Abe Berkowitz inducted into Ala. Lawyers Hall of Fame

On May 6, Abe Berkowitz was inducted into the Alabama Lawyers’ Hall of Fame in a ceremony at the Heflin-Torbert Judicial Building in Montgomery.

Berkowitz is remembered as one of Birmingham’s earliest progressive activists, promoting both economic expansion and social justice throughout his career. A child of Jewish immigrants from Lithuania, he was born in Meridian. The family ultimately settled in Birmingham, where his father ran a small retail business.

Berkowitz received his law degree in 1928 before reaching the age of 21 and began practicing immediately after the Alabama Legislature removed age restrictions.

He was an outspoken opponent of the Ku Klux Klan and sought to establish equality under the law, with frequent letters to local newspapers.
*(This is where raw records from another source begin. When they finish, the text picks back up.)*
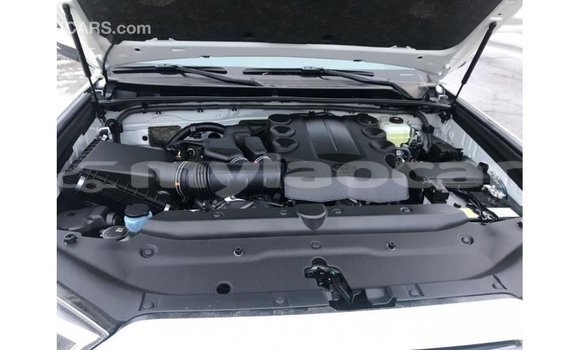 Acheter Import Voiture Toyota 4Runner Blanc à Import - Dubai, Attapeu Province Acheter Import Voiture Toyota 4Runner Blanc à Import - Dubai, Attapeu Province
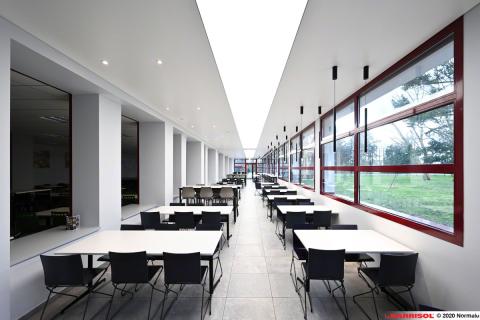 Plafond acoustique bande lumineuse Barrisol Lumière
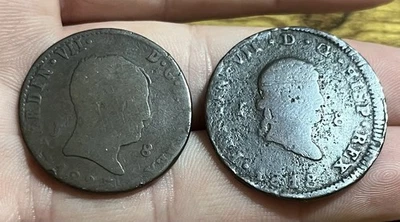 Lote De 2 Moneda Antigua Colonial Española Maravedíes 1818 y 1823 Jubia Casa de la Moneda Era Pirata Foto 1 de 2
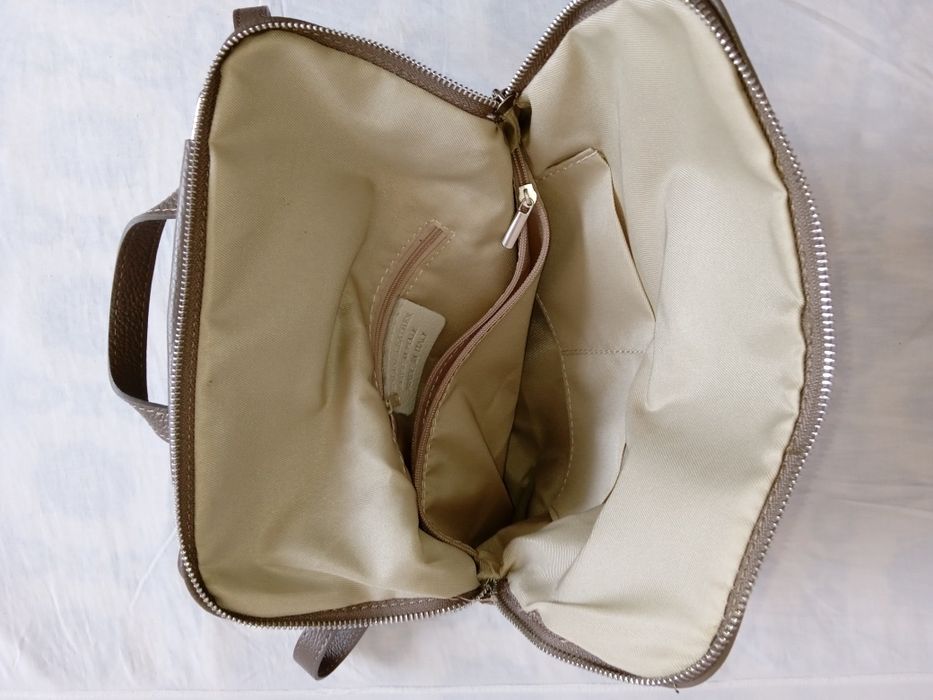 Нова дамска раница.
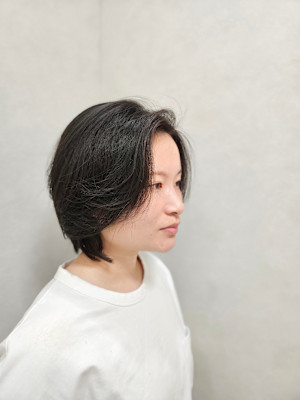 クセを活かしてまとまる、大人可愛いレイヤーボブ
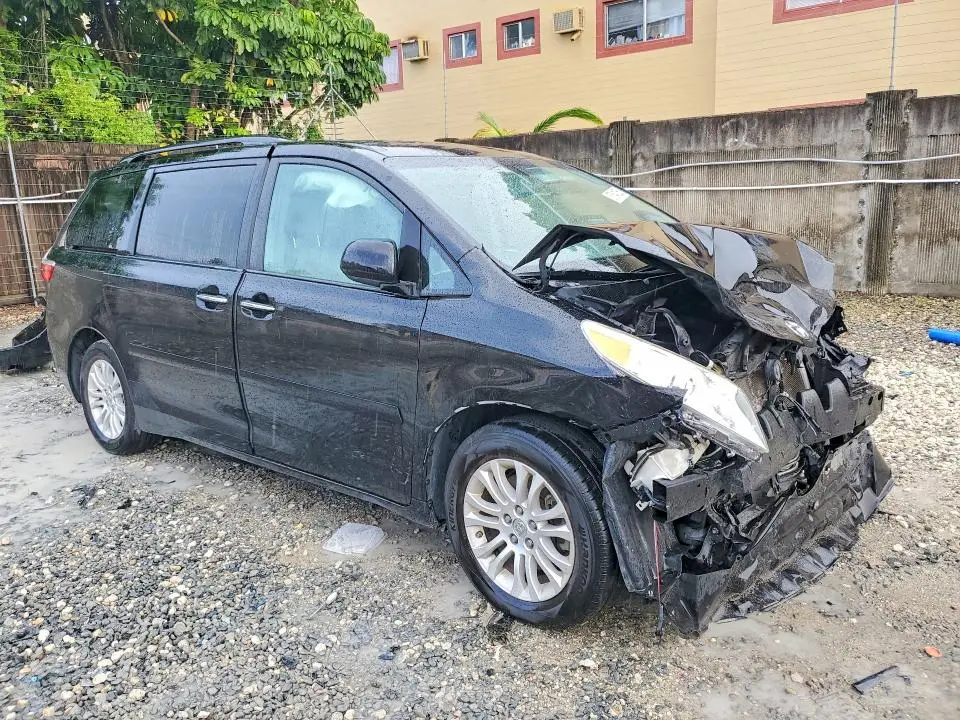 2015 TOYOTA SIENNA XLE 8-PASSENGER  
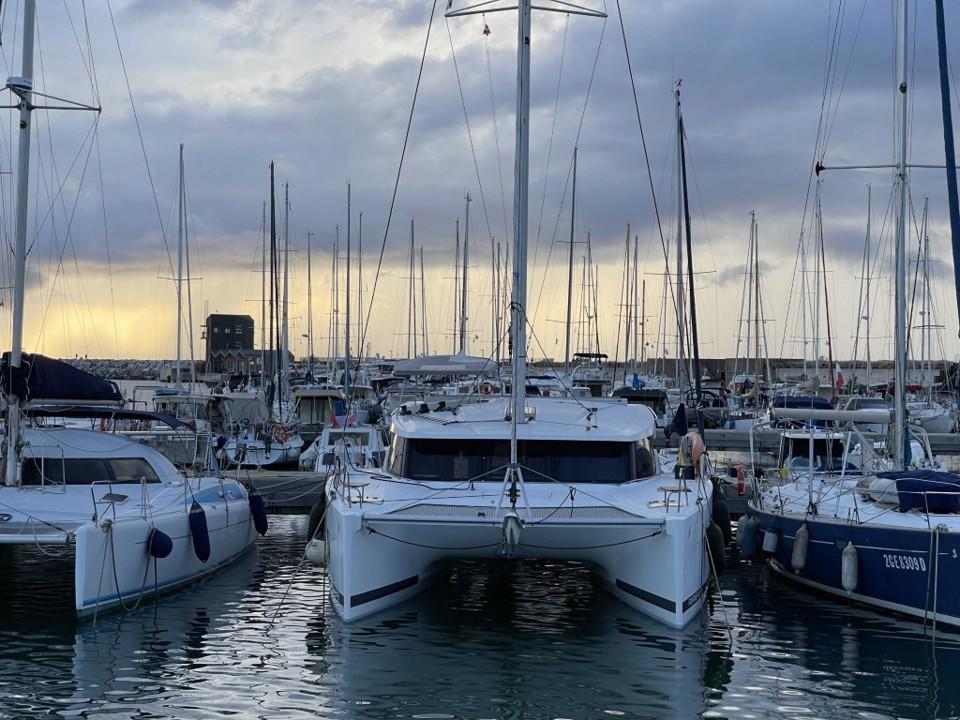 fountaine pajot Lucia 40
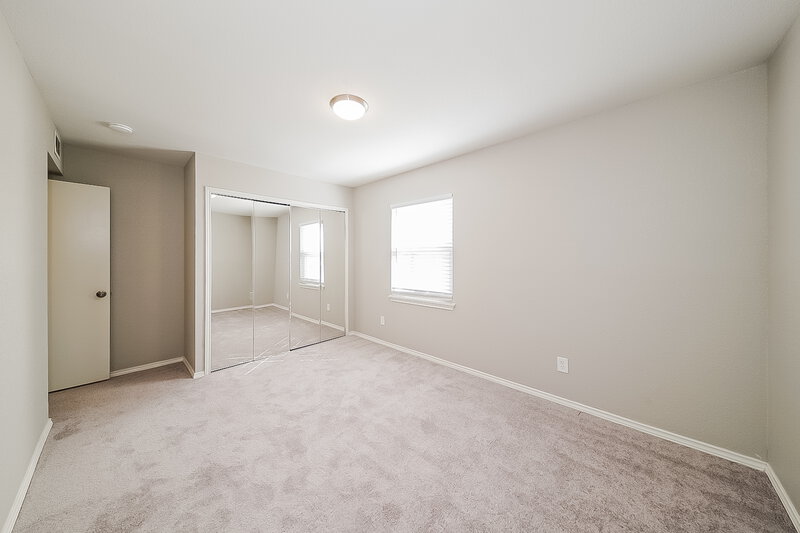2,245/Mo, 6808 Sunnybank Dr Fort Worth, TX 76137 Bedroom View 2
He supported an anti-masking bill that was aimed at the Klan, and opposed Birmingham Police Commissioner Bull Connor.

In a speech at Miles College, he recounted two incidents from 1913, when he was in first grade, that shaped him — the railroading of Leo Frank in Georgia for the murder of a girl and his father urging him to write a letter to Georgia’s governor on his behalf; and how he cried after seeing a trusted caretaker of his humiliate a young black girl who was on her way to the store by using the n-word at her.

Son Richard Berkowitz spoke at the ceremony, He said his father earned the recognition “because he was willing, along with others, to speak out when doing so was not popular, but that was who he was.”

In the midst of the city’s racial turmoil in 1962, Berkowitz was a leading member of the Birmingham Bar Committee that recommended a change in the form of Birmingham’s city government from its three-member Commission to a Mayor-Council system, organizing a surprise petition drive. The vote was successful, bouncing Connor from office.

A passionate Zionist, Berkowitz spearheaded the famous 1943 Alabama resolution that called for the establishment of a Jewish homeland in Palestine, working with Rep. Sid Smyer and Sen. James Simpson.

Alabama Supreme Court Justice Tom Parker, in announcing the induction during Knesset Deputy Speaker Hilik Bar’s visit to Montgomery in April, noted that “Simpson was Bull Connor’s attorney, and Simpson wrote some of the segregation resolutions. Berkowitz was on the other side — but those two could come together on the important issue of Israel.”

Berkowitz was also asked to be in the secretive Sonneborn Institute, a group of 17 Americans who met with David Ben-Gurion in New York and then fanned out across the country on clandestine efforts to aid the Jewish fighters working toward Israel’s independence.

In his book “In the Shadow of Hitler: Alabama’s Jews, the Second World War and the Holocaust,” Dan Puckett notes that Berkowitz organized Birmingham’s Zionists. “They raised funds and ‘collected all manner of goods from truck loads of helmets to a contribution of 3,000 forks from Isadore Mazer.’ Mark Elovitz notes that ‘the Kimerling family lent a truck with a driver to the cause. The truck was loaded with tires and the tires’ inner-tubes were stuffed with guns and pistols and shipped to New York to see that the ‘cargo’ would not be apprehended’.”

In 1967, Israel awarded Berkowitz the Israeli Freedom Medal “because of his services to the ZOA and Israel.”

Berkowitz also helped establish the Birmingham Bar Association Aid Trust, which set up a fund for lawyers in distress and for which he served as a trustee for more than 30 years.

Richard Berkowitz said he thinks his father, who died in 1985, “would be saddened to see how we have regressed in terms of black-white relationships, and the radicalization of campus life, because dad was a great admirer of Hugo Black ‘s views on free speech” and helped Black’s son become a prominent labor attorney.

Also inducted were Reuben Chapman, Martin Leigh Harrison, Holland McTyeire Smith and Frank Edward Spain. Each inductee must have been deceased at least two years at the time of their selection. The first class was inducted in 2004; there are now 55 members.

“Each of these inductees has played a pivotal role in the history and legacy that we as attorneys leave behind,” said Alabama State Bar President Lee H. Copeland of Copeland, Franco, Screws & Gill of Montgomery. “It’s an honor to pay tribute to their lives and the work they did.”